The behind-the-scenes technological battle against political “deepfakes” ahead of the 2020 election is ramping up and there’s bad news for any trolls hoping to deploy the high quality and nearly undetectable video fakery: Researchers say they’ve developed a new technique to potentially weed out the phony videos.
Advances in artificial intelligence have put the power to create such videos—which can convincingly depict someone doing and saying things they’ve never done or said—in the hands of virtually anyone able to find and use a breed of specialized software first created by pornography hobbiests to make fake celebrity smut. With the 2020 presidential campaign gearing up, election watchdogs worry that deepfakes will be deployed rampantly in covert propaganda efforts by foreign adversaries and domestic political actors, setting up a replay of Russia’s 2016 election interference, but with multiple adversaries and the volume cranked up to 11.
The potential reach of political video hoaxes was demonstrated vividly last month, when a New York man uploaded a low-tech “shallowfake” hoax video onto his politics-themed Facebook page and it spread like wildfire on social media. The video, which falsely depicted House Speaker Nancy Pelosi drunkenly slurring her words, chalked up four million views and dominated the national conversation for days, with Trump lawyer Rudy Giuliani among those to spread it.
Against that backdrop, the House Intelligence Committee is set to hold its first public hearing on deepfakes on Thursday—finally thrusting the issue onto a national stage. Behind the scenes, though, scientists have been working on developing technological measures to detect deepfake hoaxes.
Among the latest is a proposal by researchers Shruti Agarwal and Hany Farid to offer proactive protection for prominent politicians and heads of state.
In a paper entitled Protecting World Leaders Against Deep Fakes being presented Monday at the Conference on Computer Vision and Pattern Recognition in Long Beach, California, the scientists noted that people cycle through a sequence of facial expressions and head movements as they speak that are distinct to the speaker.
By capturing a speaker’s head rotation and the properties of 16 different “facial action units”— standardized movements like a nose wrinkle or a lowered eyebrow—a world leader’s subconscious ticks could be effectively fingerprinted from existing, authentic video, providing a template that an artificial intelligence engine could later use to spot deepfakes that don’t follow that precise facial-muscle script.
In an e-mail interview with The Daily Beast, Farid said the approach is already good enough to detect something like the deep fake of Mark Zuckerberg published on Facebook-owned Instagram this week by a pair of UK artists.

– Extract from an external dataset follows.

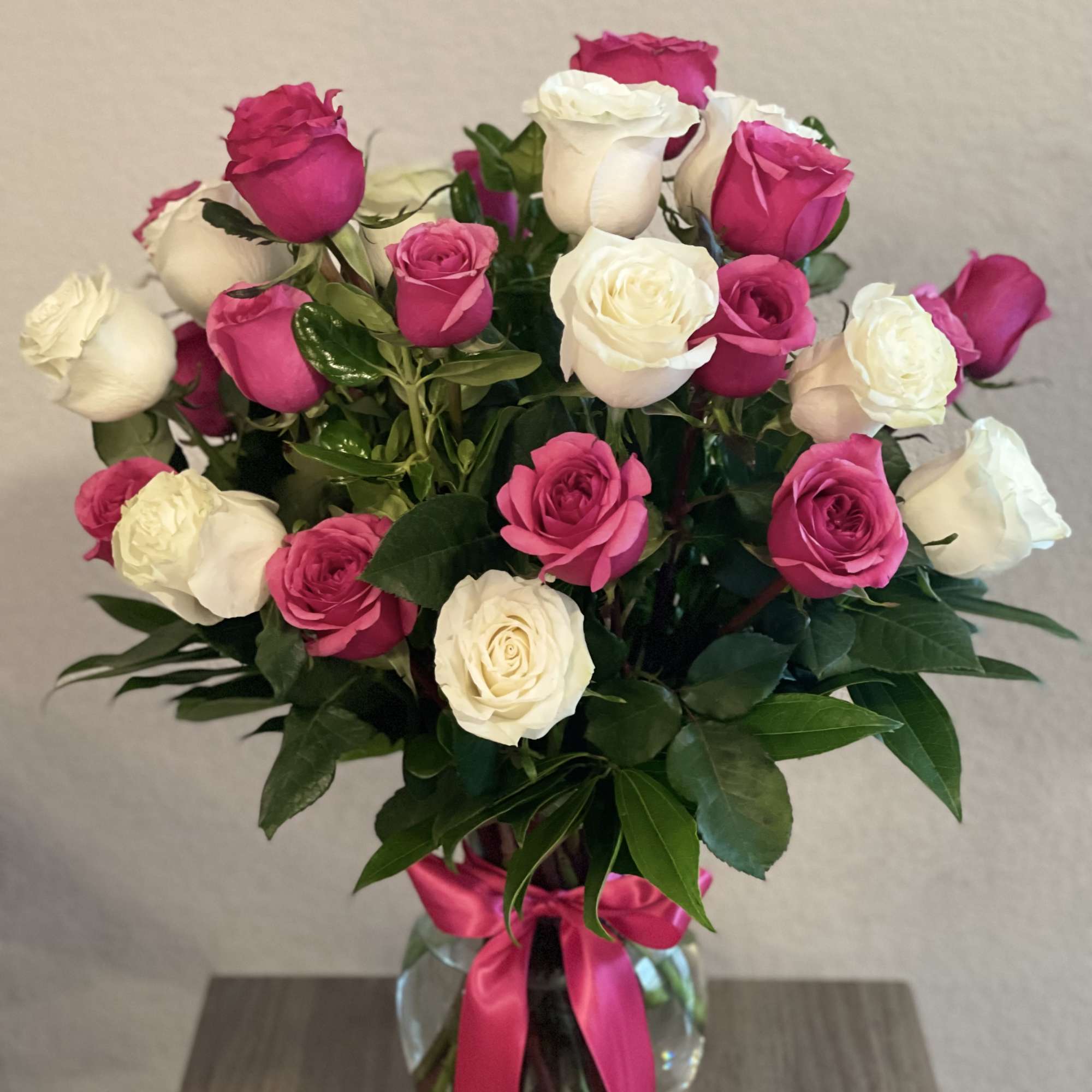 Bouquet of pink and white roses in a glass vase with a pink ribbon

“We haven’t built a model for Zuckerberg, but in theory this is the type of fake that we could detect,” he wrote. “This fake, of course, is not very good,” he added, with a connoisseur’s eye. “The audio is not very convincing and the lip-sync is not well synchronized.”

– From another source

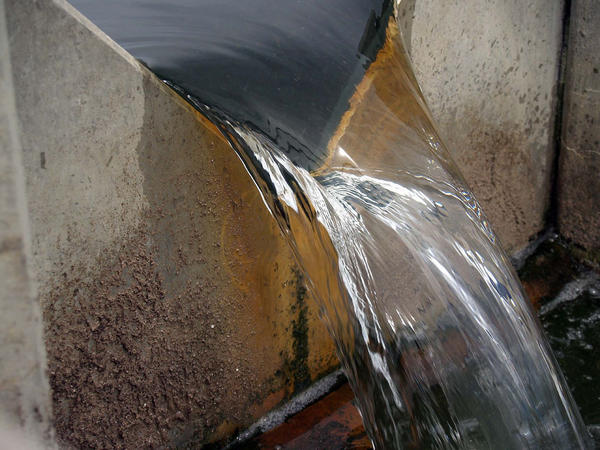 free-spilling discharge over a stainless steel v-notch weir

The researchers tested their thesis using video clips of Barack Obama, Hillary Clinton, Bernie Sanders, Donald Trump, and Elizabeth Warren, and determined their approach is more reliable than current forensic tools that look for pixel anomalies in the footage. But at the moment, their technique is easily thrown off by “different contexts in which the person is speaking,” according to their paper. So fingerprints captured from a formal address won’t reliably match the same person chit chatting in a casual setting. One proposed work-around to make the system practical: “Simply collect a larger and more diverse set of videos in a wide range of contexts,” they wrote.
In the long run though, Farid worries that the work being poured into solving the deep fakes problem simply won’t be able to keep pace with bad actors bent on mischief.
“What worries me is that every few weeks we see a new advance on the synthesis side,” he wrote, “but not nearly as many advances on the detection side.”